Lee, K.; Wang, Y.; Cross, N.; Jegou, A.; Razavipour, F.; Pomares, F. B.; Perrault, A. A.; Nguyen, A.; Aydin, U.; Uji, M.; Abdallah, C.; Anticevic, A.; Frauscher, B.; Benali, H.; Dang-vu, T. T.; Grova, C.

Decrease in cognitive performance after sleep deprivation followed by recovery after sleep suggests its key role, and especially non-rapid eye movement (NREM) sleep, in the maintenance of cognition. It remains unknown whether brain network reorganization in NREM sleep stages N2 and N3 can uniquely be mapped onto individual differences in cognitive performance after a recovery nap following sleep deprivation. Using resting state functional magnetic resonance imaging (fMRI), we quantified the integration and segregation of brain networks during NREM sleep stages N2 and N3 while participants took a 1-hour nap following 24-hour sleep deprivation, compared to well-rested wakefulness. Here, we advance a new analytic framework called the hierarchical segregation index (HSI) to quantify network segregation across spatial scales, from whole-brain to the voxel level, by identifying spatio-temporally overlapping large-scale networks and the corresponding voxel-to-region hierarchy. Our results show that network segregation increased in the default mode, dorsal attention and somatomotor networks during NREM sleep compared to wakefulness.
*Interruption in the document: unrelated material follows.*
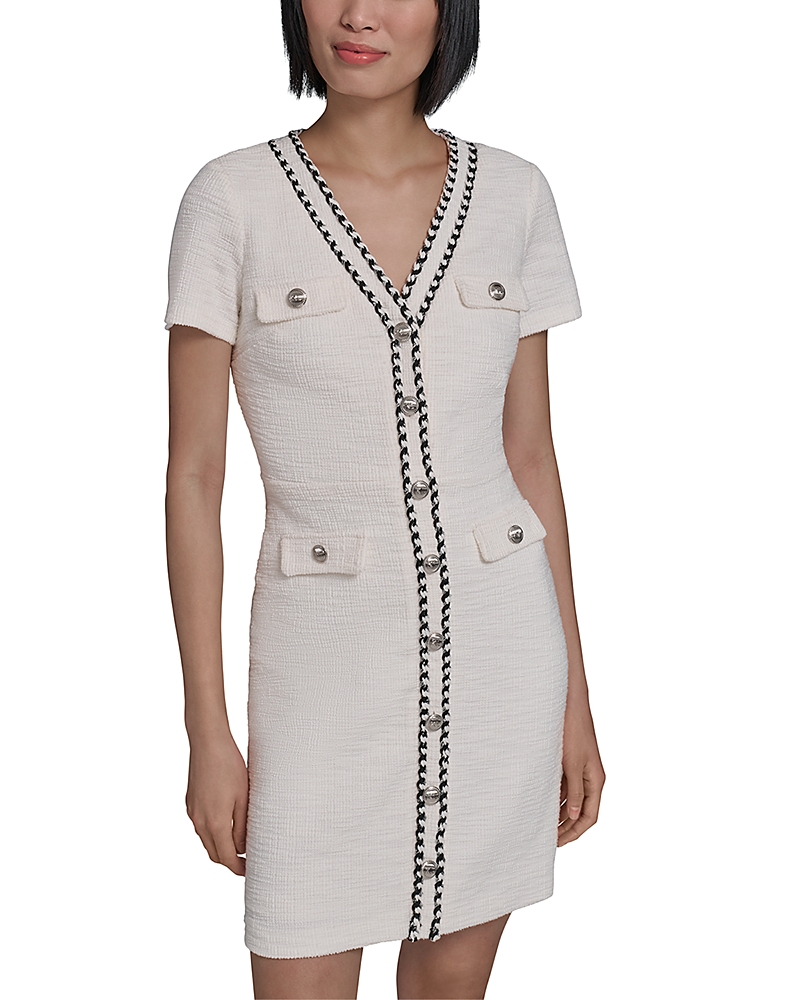 Karl Lagerfeld Paris Beaded Trim Knit Tweed Sheath Dress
Segregation within the visual, limbic, and executive control networks exhibited N2 versus N3 sleep-specific voxel-level patterns. More segregation during N3 was associated with worse recovery of working memory, executive attention, and psychomotor vigilance after the nap. The level of spatial resolution of network segregation varied among brain regions and was associated with the recovery of performance in distinct cognitive tasks. We demonstrated the sensitivity and reliability of voxel-level HSI to provide key insights into within-region variation, suggesting a mechanistic understanding of how NREM sleep replenishes cognition after sleep deprivation.